Task objective =
The answer must be an exact copy of the lines from the one with "Отель с привидениями" to the last line of the entries below, both included, and must contain no pictures.

Material supplied =
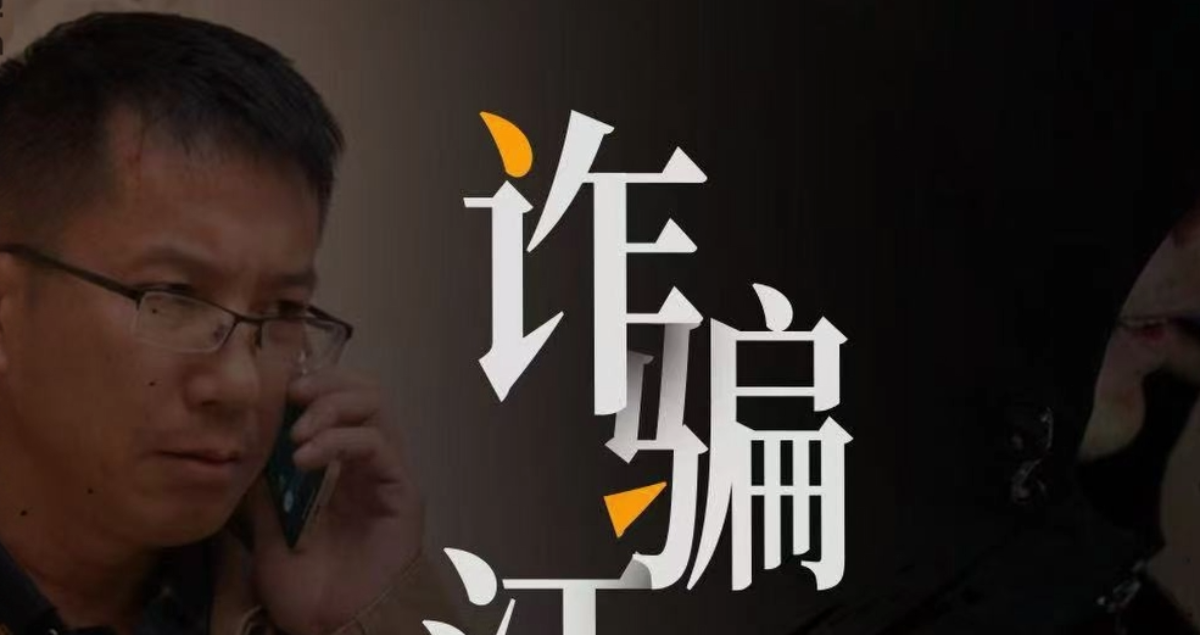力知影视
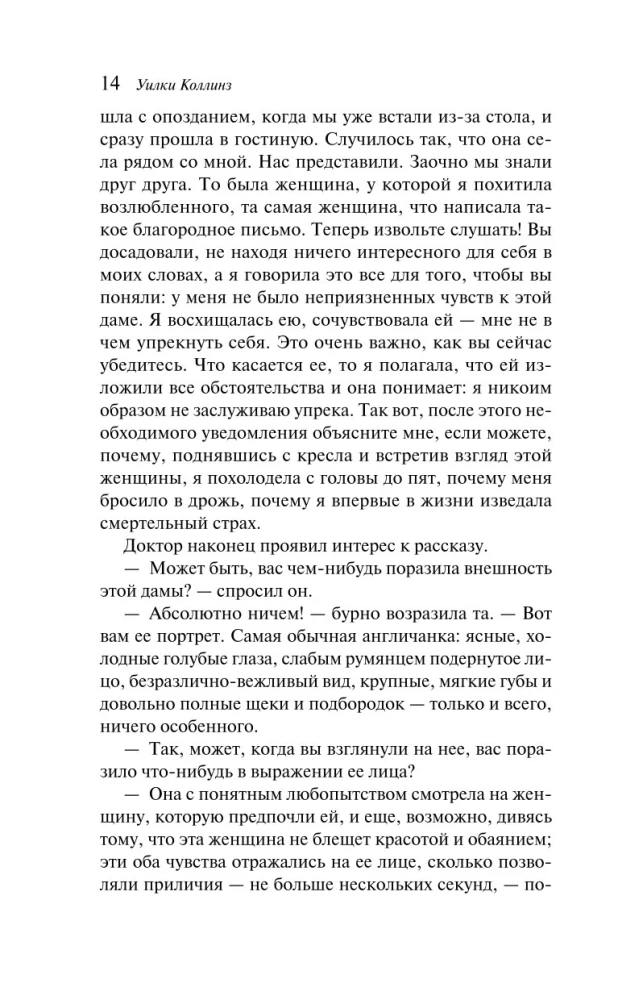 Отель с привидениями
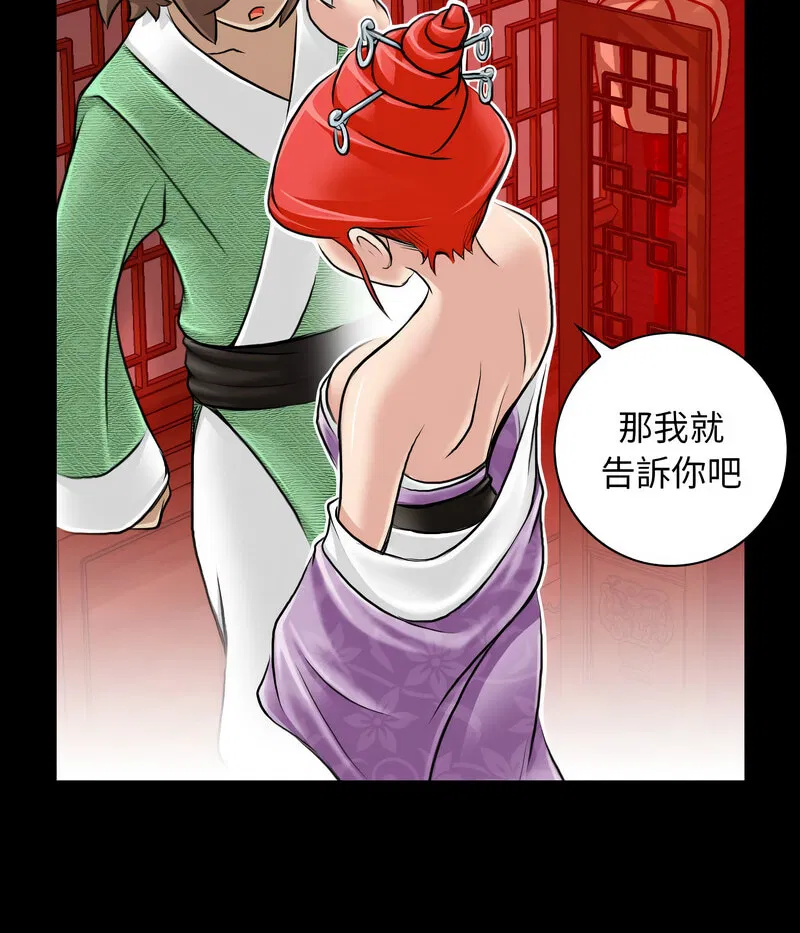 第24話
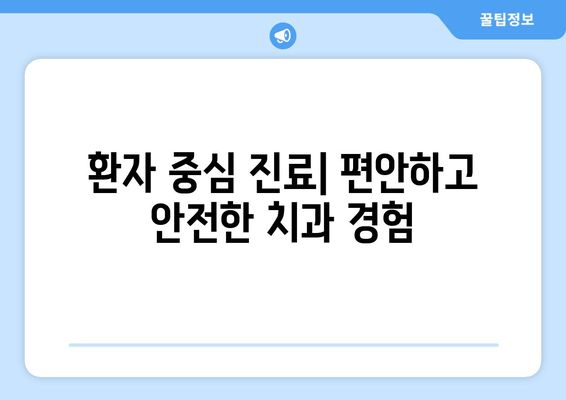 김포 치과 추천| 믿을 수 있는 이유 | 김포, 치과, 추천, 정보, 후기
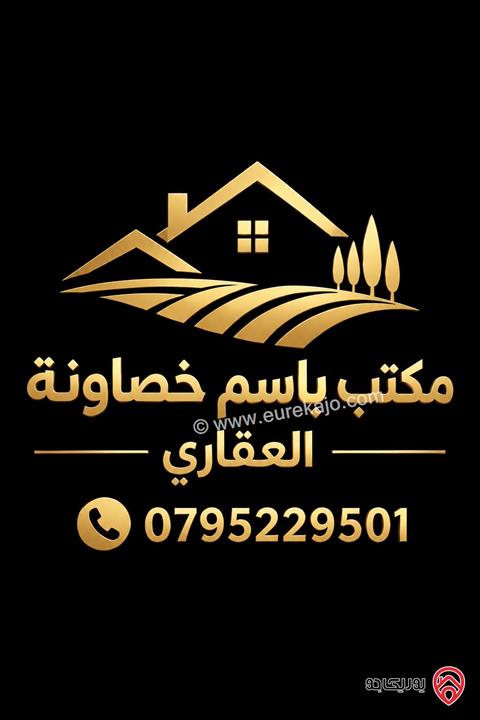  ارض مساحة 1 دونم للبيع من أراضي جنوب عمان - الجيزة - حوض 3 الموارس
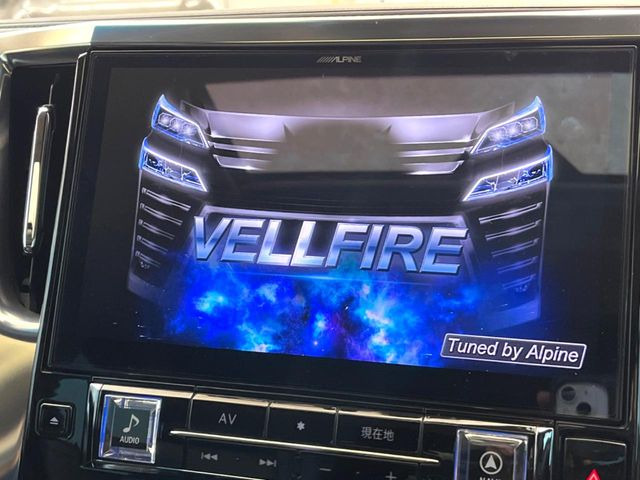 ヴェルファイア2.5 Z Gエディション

Response for this exercise =
 Отель с привидениями
 第24話
 김포 치과 추천| 믿을 수 있는 이유 | 김포, 치과, 추천, 정보, 후기
  ارض مساحة 1 دونم للبيع من أراضي جنوب عمان - الجيزة - حوض 3 الموارس
 ヴェルファイア2.5 Z Gエディション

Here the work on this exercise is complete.